Creamy Garlic and Potato Soup with Fresh Herbs

(makes approximately 4 quarts of soup)

Ingredients:

  • 1/2 cup garlic cloves, (about 12 cloves), peeled and chopped to a paste in a food processor
  • 4 tablespoons olive oil
  • 5 cups vegetable stock or chicken broth
  • 2 cups milk (2% or whole, as you prefer)
  • 1 cup of heavy cream (optional – you may sub all 2% milk for low fat diets)
  • 6 cups peeled and cubed yukon gold potatoes
  • 4 whole, fresh sage leaves, (plus extra for garnish)
  • 2 whole bay leaves
  • 2 tsp fresh chopped thyme, (plus extra for garnish)
  • 1 tsp fine sea salt
  • 1 tsp fresh ground pepper

Directions:

  1. Heat oil in a large stock/soup pot over low heat.
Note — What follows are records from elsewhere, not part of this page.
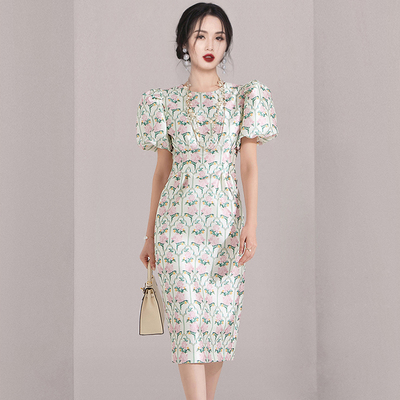 过膝高级感气质泡泡袖碎花连衣裙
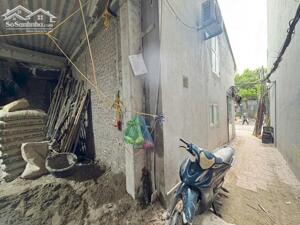 Bán Nhà Việt Hưng 30m2 x 5T - Cách 1 Nhà Ra Ô Tô Tránh - Sát Chợ Kim Quan - Nở Hậu Đẹp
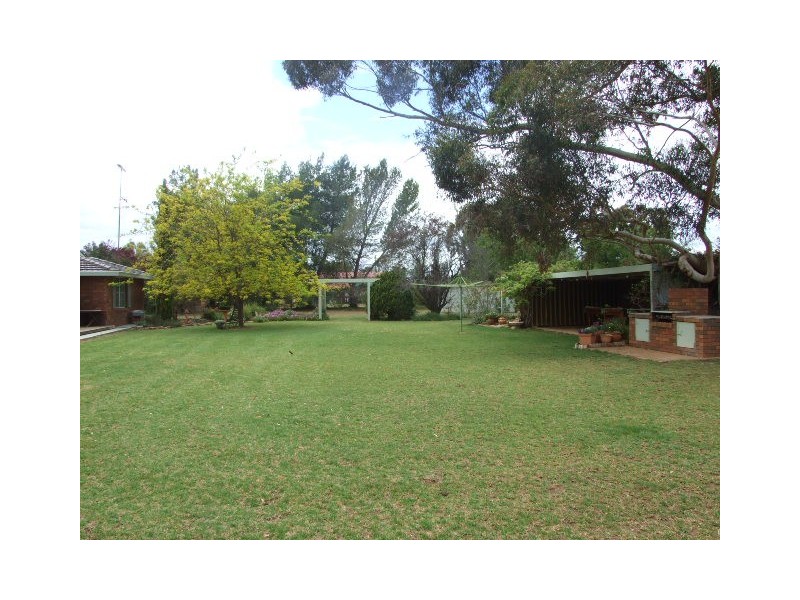 35-37 Kelly Road, Parkes NSW 2870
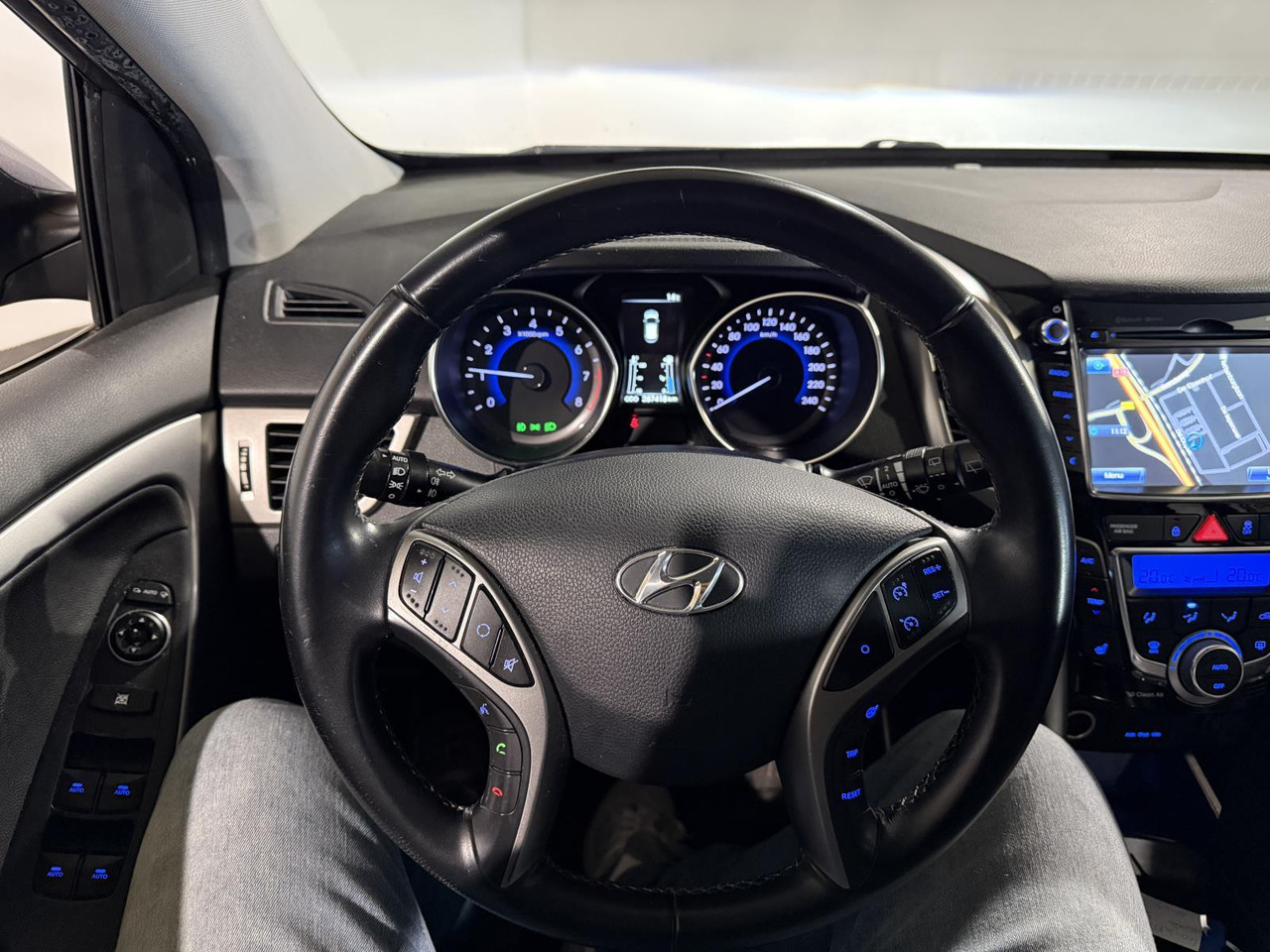 Hyundai | i30 | 1.6 GDI i-Catcher | 2012 | 287.418 km | 40XFT1 | Logisch - Voiture à hayon: photos 3 Hyundai | i30 | 1.6 GDI i-Catcher | 2012 | 287.418 km | 40XFT1 | Logisch - Voiture à hayon: photos 3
Add the garlic paste and carefully cook until the paste begins to turn gold, stirring constantly. Add in the vegetable/chicken broth and bring the mixture to a boil.
  2. Reduce heat, add herbs and simmer for 30 minutes. Add the potatoes and simmer for 20-30 more minutes.
  3. Scoop out the bay and sage leaves, and carefully pour batches of the hot soup into a blender, (do not overfill the blender!). Puree each batch until smooth and return to the saucepan. Simmer the soup for 15 minutes. Add milk and cream and simmer for another 20 – 30 minutes.
  4. Pour the soup into bowls, and garnish with fresh thyme and sage leaves. Serve with a side of fresh, crusty bread.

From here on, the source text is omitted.